Andrew Yang is a Democratic presidential candidate for the 2020 elections. Yang is also an entrepreneur and founder of Venture for America, a nonprofit organization that helps young people to get the skills they need to work for startups in emerging cities of the US.
On top of that, Andrew Yang’s meme game is not the only thing that is on point, as the policy proposals of his party are also a point in favor. In this sense, Yang just proposed the “Data as a property right” policy, which has the goal of protecting the online data of the US citizens and reassuring the ownership of this information by the individuals, not the corporations.
Data Property as a Right
The candidate explains in his proposal that as of now, online data is owned by the people who collect it and they are pretty much allowed to do anything they want with it…. yes, we are looking at you Google, Facebook, Apple, Amazon, and all the tech corporations that benefit from collecting and selling data.

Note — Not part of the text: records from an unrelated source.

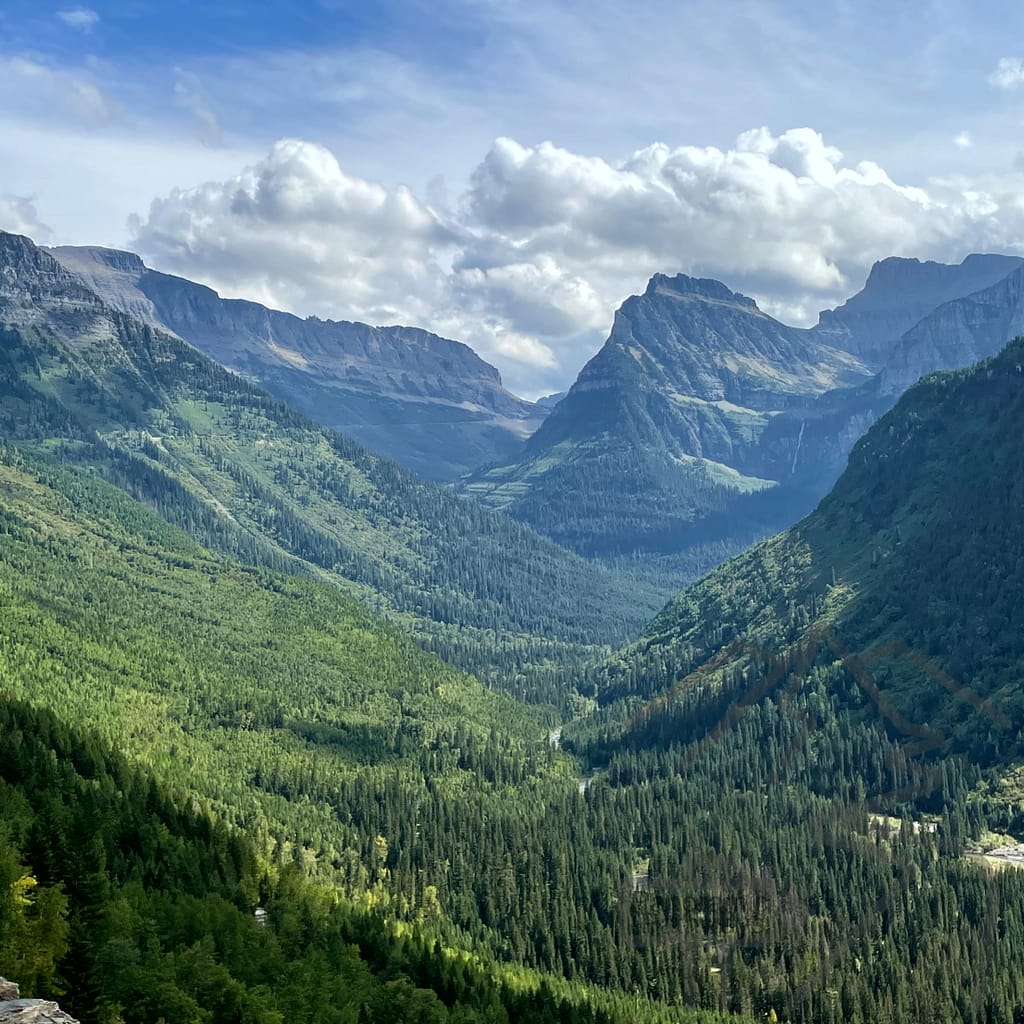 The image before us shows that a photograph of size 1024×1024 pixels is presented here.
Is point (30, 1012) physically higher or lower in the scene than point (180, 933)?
higher

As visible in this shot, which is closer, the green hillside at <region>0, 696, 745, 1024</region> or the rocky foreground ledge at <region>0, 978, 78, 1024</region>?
the rocky foreground ledge at <region>0, 978, 78, 1024</region>

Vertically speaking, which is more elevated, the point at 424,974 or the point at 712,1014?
the point at 424,974

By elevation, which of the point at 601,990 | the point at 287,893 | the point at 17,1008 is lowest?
the point at 601,990

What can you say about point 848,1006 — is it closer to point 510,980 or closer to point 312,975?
point 510,980

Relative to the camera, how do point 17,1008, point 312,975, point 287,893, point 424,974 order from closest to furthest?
1. point 17,1008
2. point 312,975
3. point 424,974
4. point 287,893

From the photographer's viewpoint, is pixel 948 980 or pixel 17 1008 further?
pixel 948 980

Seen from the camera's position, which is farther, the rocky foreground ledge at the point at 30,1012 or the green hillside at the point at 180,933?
the green hillside at the point at 180,933

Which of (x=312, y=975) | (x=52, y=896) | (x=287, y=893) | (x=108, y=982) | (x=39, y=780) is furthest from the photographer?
(x=287, y=893)

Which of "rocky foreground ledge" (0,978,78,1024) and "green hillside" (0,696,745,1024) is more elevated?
"rocky foreground ledge" (0,978,78,1024)

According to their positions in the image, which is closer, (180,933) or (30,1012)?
(30,1012)

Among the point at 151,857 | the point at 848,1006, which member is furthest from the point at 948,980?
the point at 151,857

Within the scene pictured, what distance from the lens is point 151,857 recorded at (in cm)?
16150

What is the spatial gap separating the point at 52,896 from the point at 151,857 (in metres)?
58.1

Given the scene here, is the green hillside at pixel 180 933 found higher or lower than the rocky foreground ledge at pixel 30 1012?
lower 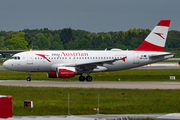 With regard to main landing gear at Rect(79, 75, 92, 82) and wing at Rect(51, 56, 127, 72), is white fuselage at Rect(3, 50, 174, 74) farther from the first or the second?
main landing gear at Rect(79, 75, 92, 82)

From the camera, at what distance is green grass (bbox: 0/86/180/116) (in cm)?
1995

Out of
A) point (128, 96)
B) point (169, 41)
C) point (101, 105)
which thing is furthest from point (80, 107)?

Yang is proposing digital rights that make us wonder: why they don’t exist already? In this sense, the candidate is proposing things like the right to be informed of the data that is being collected from you, and how it will be put to use.
Other rights include:
- The right to opt-out of data collection or sharing
- The right to know if a website has data on you (and type of data specifically)
- The right to ask to have all the data related to you deleted
- The right to know when a data breach occurs as soon as it occurs
- The right to be informed when the ownership of your data switches hands
- The right to download all data in a standardized format
This policy seems to resonate a lot with the GPDR law that already protects the data of the European Union citizens, which ultimately can be a good thing if done right. Many other candidates could take note of Yang’s proposal since in this ever-growing digital world these rights are becoming a clear need.